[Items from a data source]
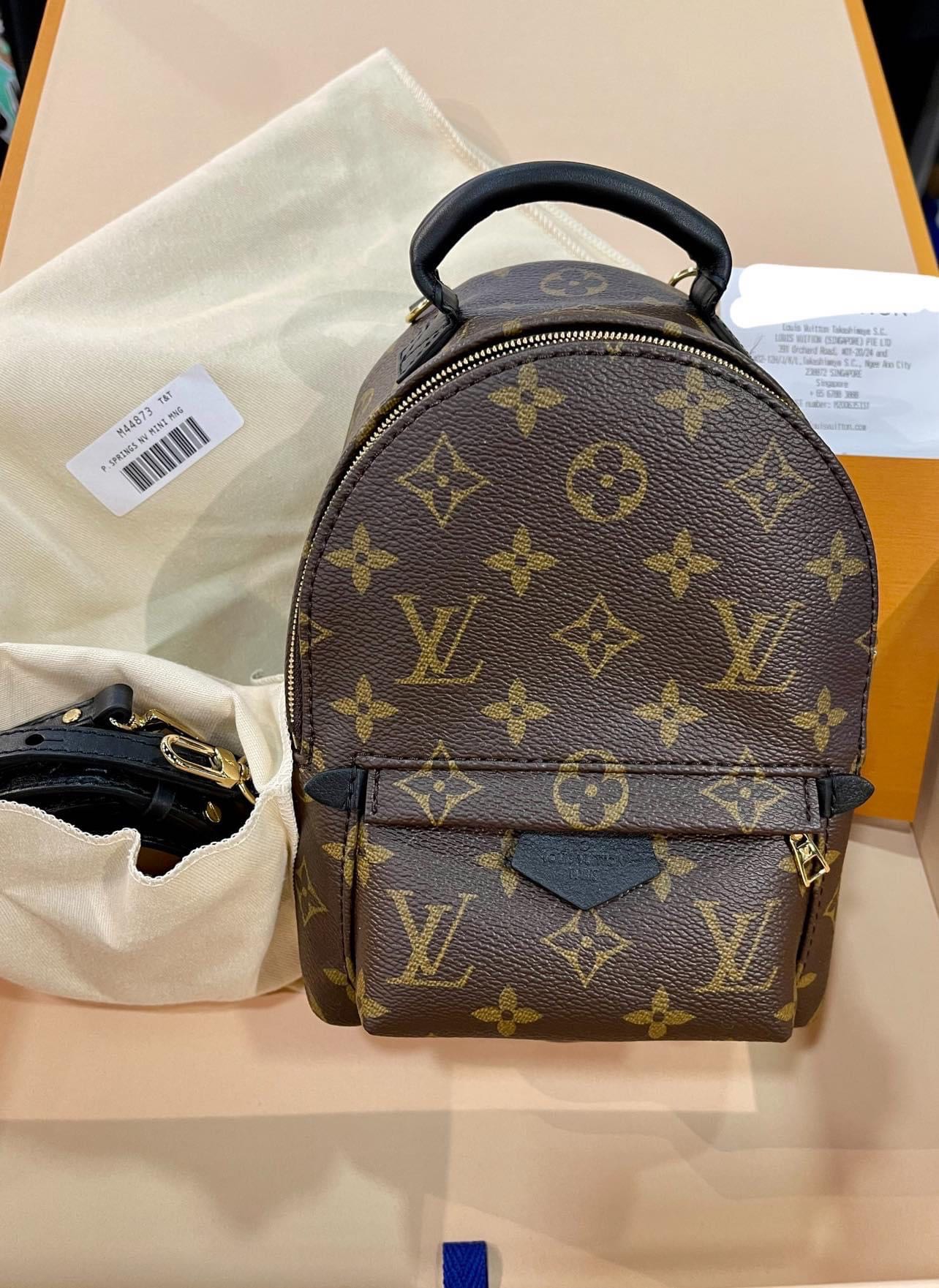 Louis vuitton backpack pm limited edition, Women's Fashion, Bags & Wallets,  Backpacks on Carousell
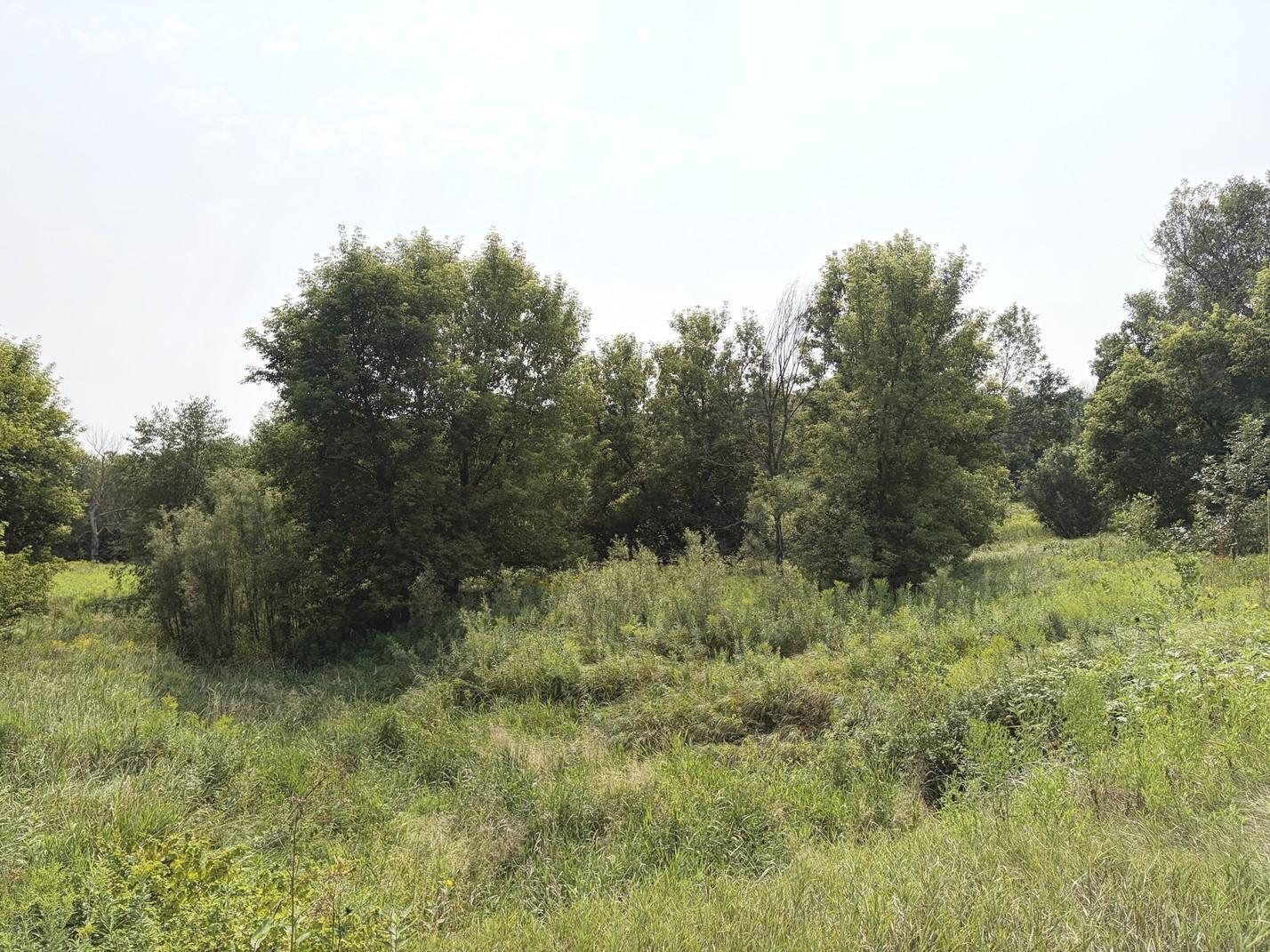 Tbd Lands Along 160th Ave & 315th St Property Photo 9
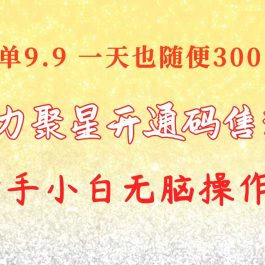 （10519期）快手磁力聚星码信息差 售卖  一单卖9.9  一天也轻松300+ 新手小白无脑操作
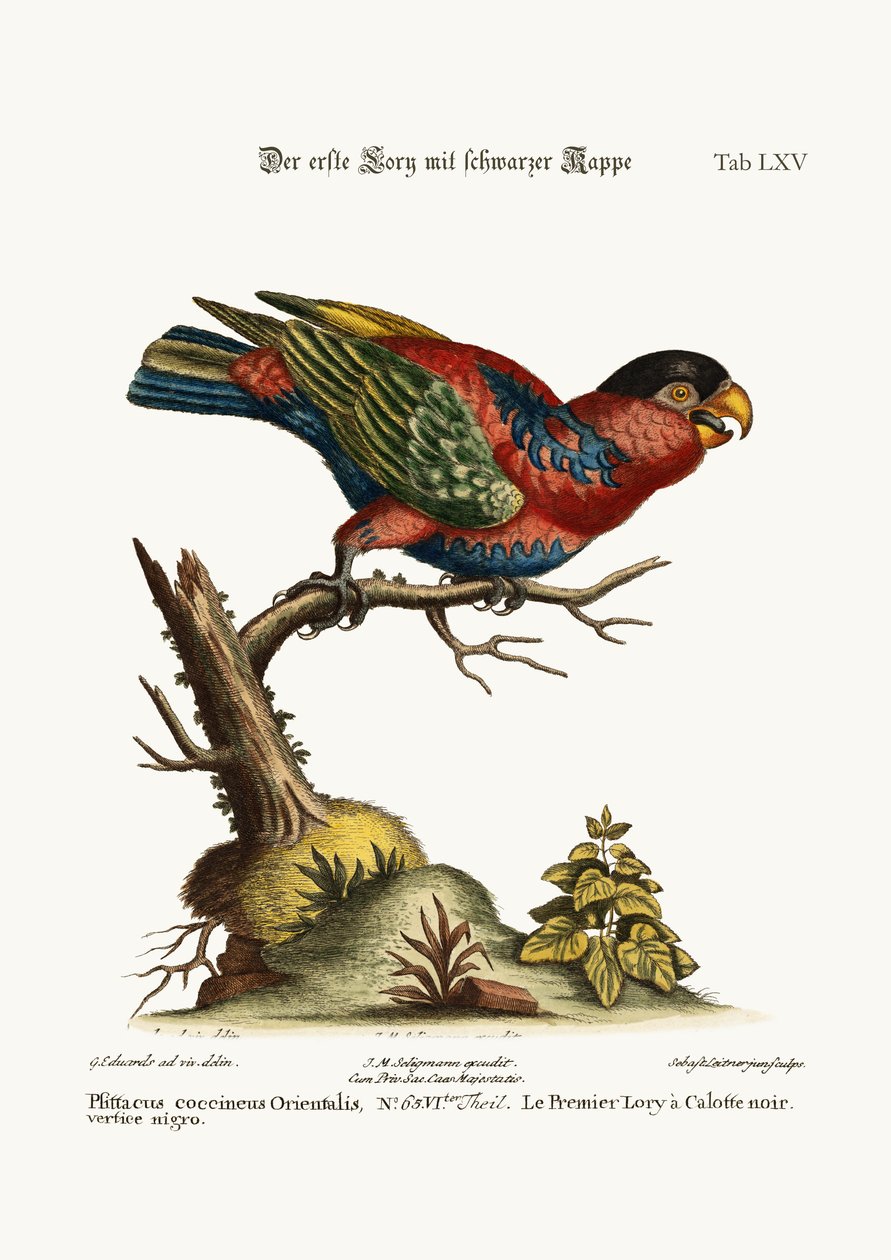 पहला ब्लैक-कैप्ड लॉरी, 1749-73 द्वारा जॉर्ज एडवर्ड्स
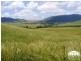 1247 Sandy Creek Road, Muswellbrook NSW 2333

Task to complete ->
Reproduce these records exactly, but not the pictures.

Expected answer ->
 Louis vuitton backpack pm limited edition, Women's Fashion, Bags & Wallets,  Backpacks on Carousell
 Tbd Lands Along 160th Ave & 315th St Property Photo 9
 （10519期）快手磁力聚星码信息差 售卖  一单卖9.9  一天也轻松300+ 新手小白无脑操作
 पहला ब्लैक-कैप्ड लॉरी, 1749-73 द्वारा जॉर्ज एडवर्ड्स
 1247 Sandy Creek Road, Muswellbrook NSW 2333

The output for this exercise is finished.